Nemo RL: A Scalable and Efficient Post-Training Library#

📣 News#

[7/25/2025] Release v0.3.0!
- 📝 v0.3.0 Blog Post
- 📊 View the release run metrics on Google Colab to get a head start on your experimentation.
[5/14/2025] Reproduce DeepscaleR with NeMo RL!
[5/14/2025] Release v0.2.1!
- 📊 View the release run metrics on Google Colab to get a head start on your experimentation.

Table of Contents#

Nemo RL is a scalable and efficient post-training library designed for models ranging from 1 GPU to thousands, and from tiny to over 100 billion parameters.

What you can expect:

Seamless integration with Hugging Face for ease of use, allowing users to leverage a wide range of pre-trained models and tools.
High-performance implementation with Megatron Core, supporting various parallelism techniques for large models (>100B) and large context lengths.
Efficient resource management using Ray, enabling scalable and flexible deployment across different hardware configurations.
Flexibility with a modular design that allows easy integration and customization.
Comprehensive documentation that is both detailed and user-friendly, with practical examples.

Features#

✅ Available now | 🔜 Coming in v0.4

✅ Fast Generation - vLLM backend for optimized inference.
✅ HuggingFace Integration - Works with 1-70B models (Qwen, Llama).
✅ Distributed Training - Fully Sharded Data Parallel (FSDP2) support and Ray-based infrastructure.
✅ Environment Support - Support for multi-environment training.
✅ Learning Algorithms - GRPO (Group Relative Policy Optimization), SFT (Supervised Fine-Tuning), and DPO (Direct Preference Optimization).
✅ Multi-Turn RL - Multi-turn generation and training for RL with tool use, games, etc.
✅ Large Model Support - Native PyTorch support for models up to 70B parameters.
✅ Advanced Parallelism - PyTorch native FSDP2, TP, CP, and SP for efficient training.
✅ (even) Larger Model Support with Long(er) Sequences - Advanced parallelisms with Megatron Core (TP/PP/CP/SP/EP).
✅ Worker Isolation - Process isolation between RL Actors (no worries about global state).
✅ Environment Isolation - Dependency isolation between components.
✅ Megatron Inference - (static) Megatron Inference for day-0 support for new megatron models.
✅ MoE Models - Support for DeepseekV3 and Qwen-3 MoE models
✅ Sequence Packing - Sequence packing in both DTensor and MCore for huge training perf gains
🔜 Improved Native Performance - Improve training time for Native Pytorch Models.
🔜 Megatron Inference - (dynamic) Megatron Inference for fast day-0 support for new megatron models.

Prerequisites#

Clone NeMo RL.

git clone git@github.com:NVIDIA-NeMo/RL.git nemo-rl
cd nemo-rl

# If you are using the Megatron backend, download the pinned versions of Megatron-LM and NeMo submodules 
# by running (This is not necessary if you are using the pure Pytorch/DTensor path):
git submodule update --init --recursive

# Different branches of the repo can have different pinned versions of these third-party submodules. Ensure
# submodules are automatically updated after switching branches or pulling updates by configuring git with:
# git config submodule.recurse true

# **NOTE**: this setting will not download **new** or remove **old** submodules with the branch's changes.
# You will have to run the full `git submodule update --init --recursive` command in these situations.

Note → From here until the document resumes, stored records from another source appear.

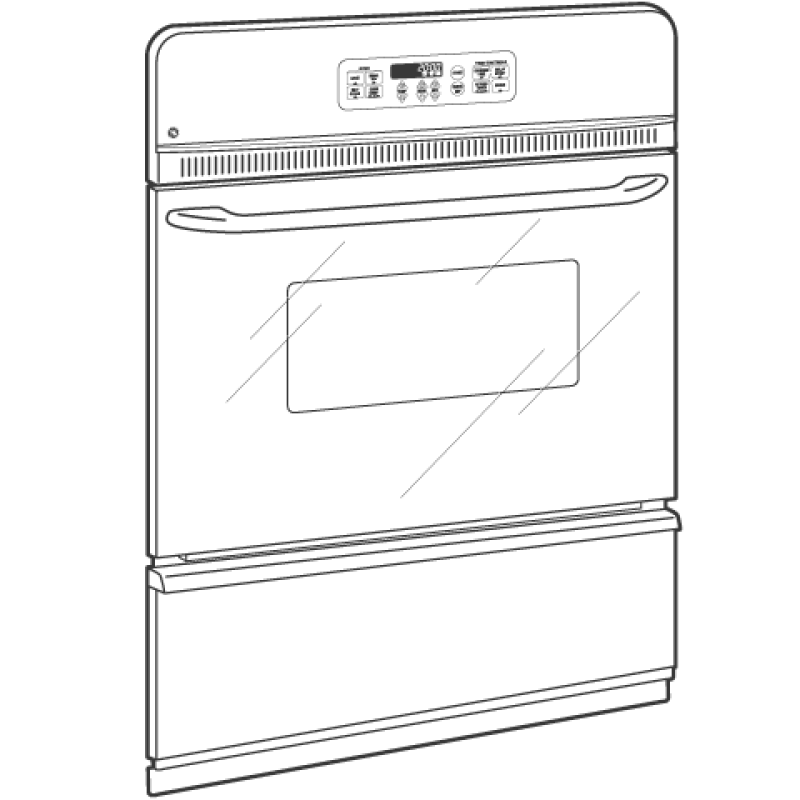 24" Built-In Gas Oven JGRP20WEJWW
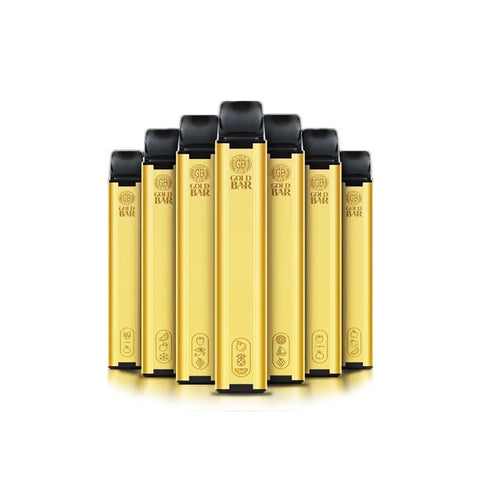 Ske Crystal Gold Bar 600 Puffs Disposable Vape Kit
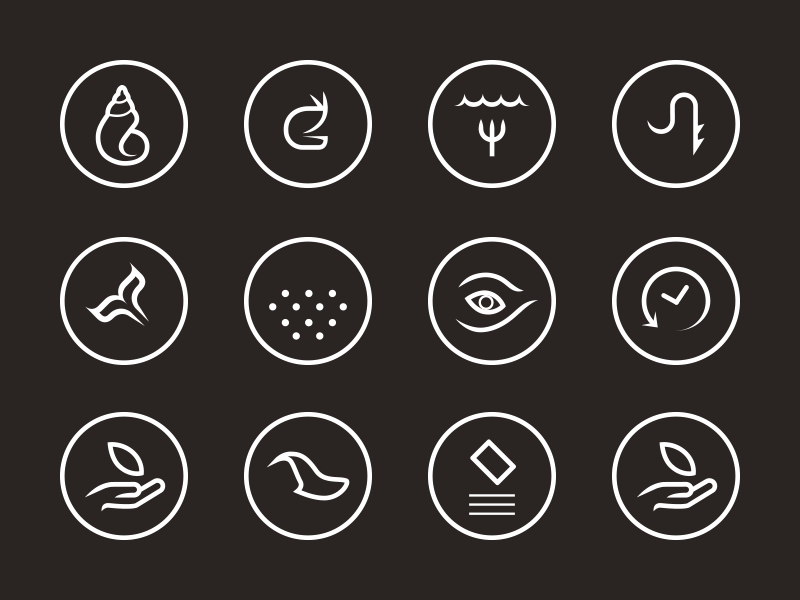 Icons for Natural History Museum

If you are using the Megatron backend on bare-metal (outside of a container), you may need to install the cudnn headers as well. Here is how you can check as well as install them:

# Check if you have libcudnn installed
dpkg -l | grep cudnn.*cuda

# Find the version you need here: https://developer.nvidia.com/cudnn-downloads?target_os=Linux&target_arch=x86_64&Distribution=Ubuntu&target_version=20.04&target_type=deb_network
# As an example, these are the "Linux Ubuntu 20.04 x86_64" instructions
wget https://developer.download.nvidia.com/compute/cuda/repos/ubuntu2004/x86_64/cuda-keyring_1.1-1_all.deb
sudo dpkg -i cuda-keyring_1.1-1_all.deb
sudo apt-get update
sudo apt-get install cudnn-cuda-12

For faster setup and environment isolation, we use uv. Follow these instructions to install uv.

Then, initialize NeMo RL project virtual environment via:

uv venv

Note

Please do not use -p/--python and instead allow uv venv to read it from .python-version. This ensures that the version of python used is always what we prescribe.

If working outside a container, it can help to build flash-attn and warm the uv cache before your first run.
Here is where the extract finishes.